N’ayant pas reçu de réponse satisfaisante, nous allons, en accord avec les présidents des groupes UMP et UDI à l’Assemblée nationale, déposer prochainement une proposition de loi visant à apporter des réponses concrètes aux problèmes des indépendants affiliés au RSI.

 

Entreprendre > À plus long terme, quelle réforme du système vous semble-t-il souhaitable de mettre en place ?

Christian Person >

Outre une réforme de fond du RSI, puis du régime général de la Sécurité sociale, je milite pour que soit donné aux entrepreneurs français le libre choix de leur assurance-maladie et retraite, un choix aujourd’hui entravé par un monopole datant de 1945.

Si des Français sont chaque jour de plus en plus nombreux à quitter la Sécurité sociale pour des régimes d’assurances privées européens, bravant les huissiers des monopoles sociaux, c’est parce qu’ils sont moins chers, plus réactifs et beaucoup plus généreux !

Je veux pousser un coup de gueule dans votre magazine que je sais lu par de nombreux entrepreneurs, notamment ceux de notre club. Mon message va au gouvernement et à tous nos dirigeants. La classe politique doit se réveiller d’urgence et se reconnecter aux réalités du terrain. Ils n’ont pas vu venir le mécontentement des corbeaux contre le dysfonctionnement du Régime social des indépendants.
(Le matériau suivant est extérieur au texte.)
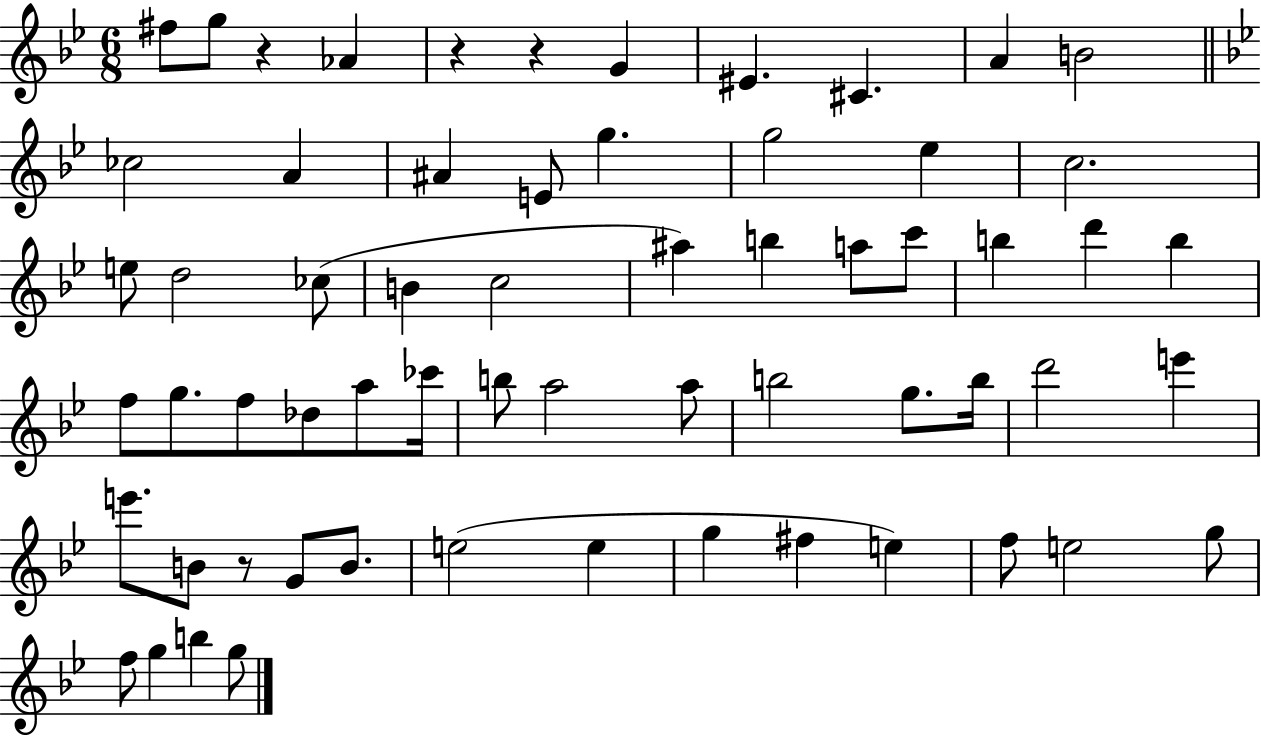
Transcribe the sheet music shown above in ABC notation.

X:1
T:Untitled
M:6/8
L:1/4
K:Bb
^f/2 g/2 z _A z z G ^E ^C A B2 _c2 A ^A E/2 g g2 _e c2 e/2 d2 _c/2 B c2 ^a b a/2 c'/2 b d' b f/2 g/2 f/2 _d/2 a/2 _c'/4 b/2 a2 a/2 b2 g/2 b/4 d'2 e' e'/2 B/2 z/2 G/2 B/2 e2 e g ^f e f/2 e2 g/2 f/2 g b g/2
Ils n’ont pas vu venir le mécontentement des pigeons contre le projet du gouvernement de taxer à hauteur de 60,5% la plus-value réalisée par un entrepreneur vendant son entreprise.

Ils n’ont pas vu venir le mécontentement des moutons contre les dysfonctionnements du Régime social des indépendants (RSI) et la hausse de leurs prélèvements. Ils n’ont pas vu venir le mécontentement des poussins contre le projet de réforme de Sylvia Pinel qui prévoyait de modifier le statut d’auto-entrepreneur et de limiter le CA annuel. Idem pour les mécontentements des abeilles, des tondus, des plumés et des déplumés…

Cela fait beaucoup d’attaques en règle contre l’entrepreneuriat qui a besoin qu’on lui offre les conditions d’agir dans un monde caractérisé par une compétition économique redoutable. Tous les États qui nous entourent cherchent à offrir à nos compétiteurs les conditions optimales d’action entrepreneuriale.

Cherchons à favoriser la prise de risques et à encourager les entrepreneurs français, au lieu de les considérer comme des ennemis intérieurs qu’il convient de surveiller, stigmatiser et contrôler.

Jean-Guilhem Darré >

Nous partageons le constat exposé par Manuel Valls le 9 avril dernier, pour qui : «Le RSI (…) est un désastre. Ça ne marche pas».

Le SDI, pour sa part, pose cette affirmation depuis plusieurs années. Il est toujours ressorti de nos échanges avec le RSI, comme avec les pouvoirs publics, que tout était mis en œuvre, ou allait bientôt être mis en œuvre, pour apporter une solution globale, rapide et définitive aux problèmes soulevés.

Nous avons pourtant constaté, sur la base des remontées de terrain de nos adhérents, que nous étions très loin d’un système, sinon optimal, du moins en capacité de rendre un service fiable. Le SDI ne croit plus dans la capacité de l’ISU à remplir ses objectifs de simplification en l’état et considère le RSI comme inapte à remplir son rôle, tant d’un point de vue factuel que subjectif au regard de la perception extrêmement dégradée du RSI que peuvent en avoir les professionnels indépendants.

L’ISU est affecté d’un vice caché lié à son organisation même dans le partage complexe des rôles entre les Urssaf et le RSI. C’est pourquoi le SDI propose d’unifier la gestion de la protection sociale des indépendants au sein des Urssaf, bien entendu à niveaux de cotisations inchangés.

 

Bruno Le Maire >

Ce sera le rôle de la mission d’information de proposer des améliorations au système actuel. Personnellement, je pense que réformer le RSI de l’intérieur n’est pas la bonne solution. Sans préjuger des discussions à venir, il faudra sans doute le rattacher au régime général.